November 15, 2013, by Matt
Summer Geoging … Diggers 2012
Briony McDonagh blogs about her summer fieldwork…
While other members of the School of Geography have spent the summer conducting fieldwork in places as far afield as Brazil and Siberia, my research has kept me rather closer to home. In fact, my most recent field experience took place just a couple of hours down the M1 (and round the M25) in Surrey.
Here, Dr. Carl Griffin (University of Sussex) and I visited the Runnymede eco-village, a low-impact, squatter settlement in woodland on the outskirts of Egham. The community – established in June 2012 by a group calling themselves the Diggers 2012 – consists of a communal kitchen and a geodesic dome, which act as meeting spaces at the centre of a widely scattered group of tents, wooden huts and other temporary structures. Built on disused land owned by a private property developer, the camp is envisioned by those living there as a radical community, a challenge to a ‘system in crisis’ and part of a wider political project to reform capitalist property relations and more equitably distribute land. Significantly, despite three attempts by the developer to evict them from the site, the Diggers are still there 15 months on.
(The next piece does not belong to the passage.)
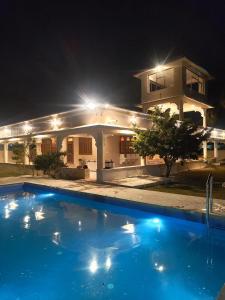 Hồ bơi trong/gần Padmavati Village Resort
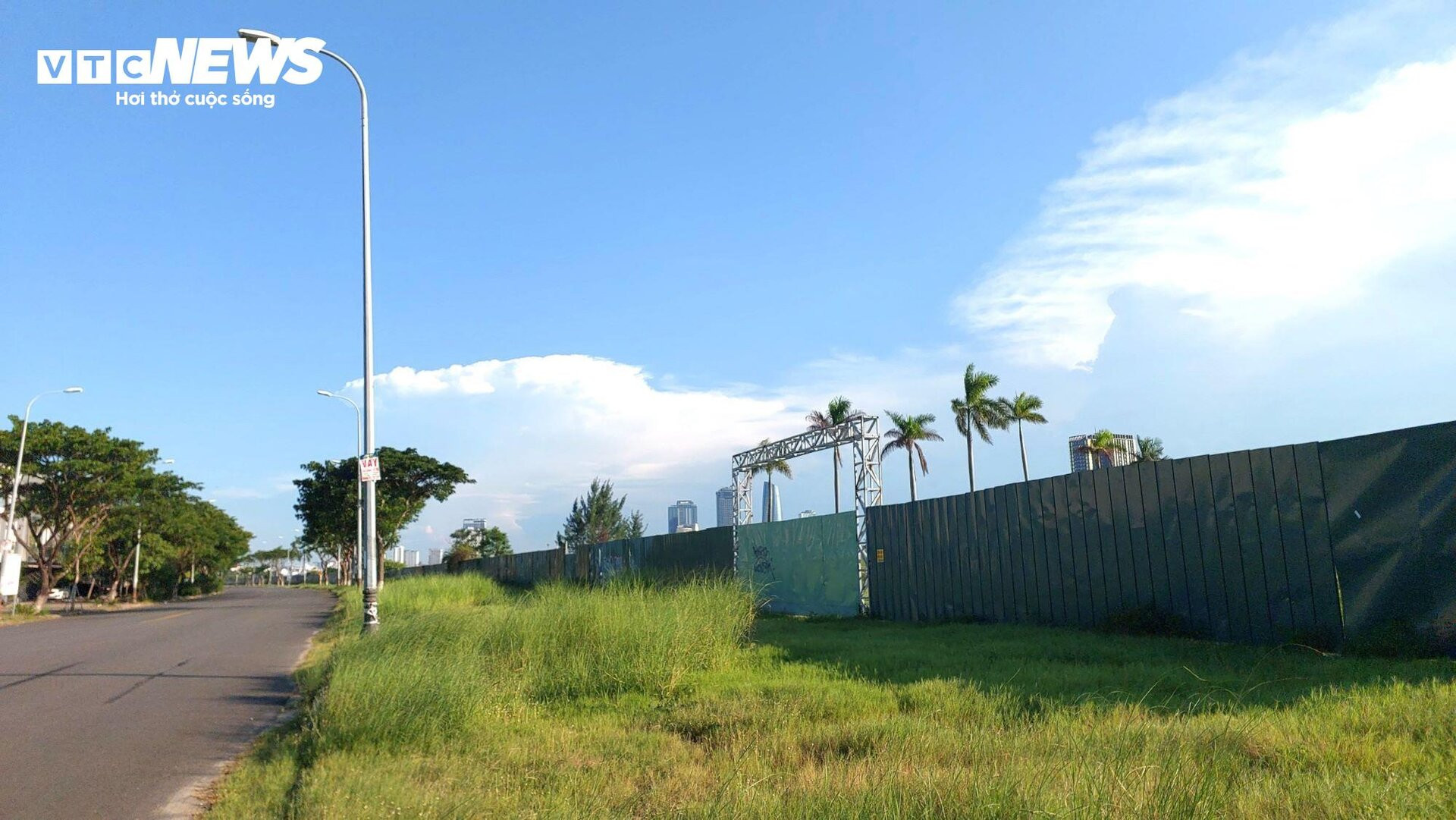 Dự án lấn sông Hàn Đà Nẵng cỏ cây mọc um tùm, là nơi người nghiện sử dụng ma túy - 8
This was our second visit to the Runnymede eco-village, which we’re interested in as part of a larger project on the contemporary land reform movement and their mobilizations of radical history – in this case, the 17th-century Diggers who founded an agrarian community at nearby St George’s Hill. Having slipped and slithered through the mud, we finally found the community amongst the trees – this time in full leaf, which made the site look surprisingly different to our last visit. The Diggers have been busy since then too. There’s now a brick-built oven, two guest houses and some very impressive log dwellings, and the group have identified a new spring and terraced part of the hill slope to grow vegetables. There are also free-range hens pottering about the site, which are kept for eggs though one or two have met their end in the cook’s pot! Given some truly dreadful weather, we spent most of the day hiding from the rain and interviewing the residents over cups of tea, before finally photographing the eco-village and the nearby Magna Carta memorial in surprise evening sunshine. All in a great day!